* WHAT YOU SHOULD DO: Your answer must hold only the lines below from the line containing "Intérieur de cuisine" through the line containing "Aromatherapy concept. Aroma", each reproduced exactly.

* PROVIDED MATERIAL:
= Beginning of Section =

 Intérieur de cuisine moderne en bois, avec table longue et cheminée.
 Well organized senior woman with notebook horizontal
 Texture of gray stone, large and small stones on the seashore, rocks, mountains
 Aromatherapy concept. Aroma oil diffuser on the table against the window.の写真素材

= End of Section =
= Beginning of Section =

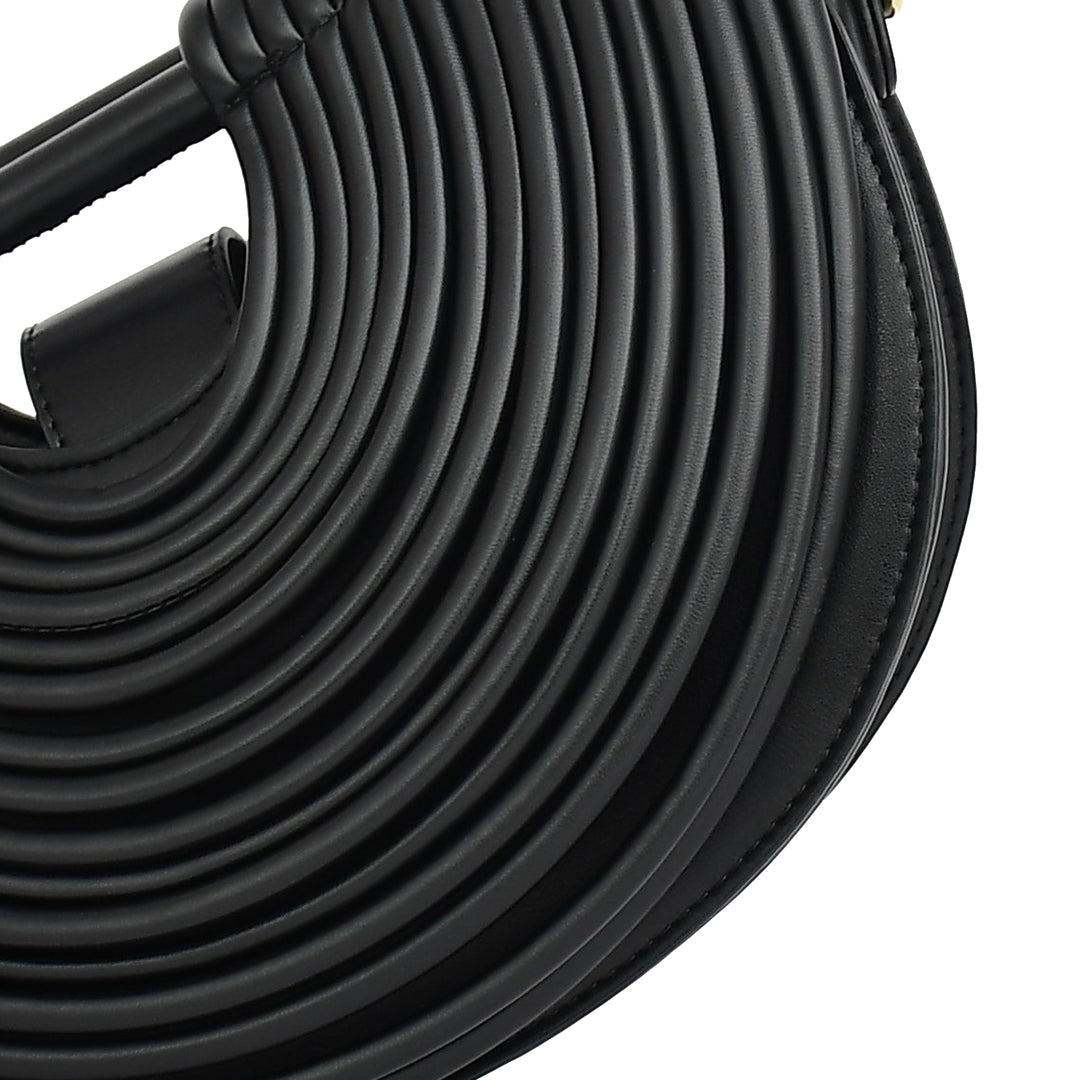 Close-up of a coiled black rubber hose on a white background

= End of Section =

* ANSWER TO THIS PROBLEM:
 Intérieur de cuisine moderne en bois, avec table longue et cheminée.
 Well organized senior woman with notebook horizontal
 Texture of gray stone, large and small stones on the seashore, rocks, mountains
 Aromatherapy concept. Aroma oil diffuser on the table against the window.の写真素材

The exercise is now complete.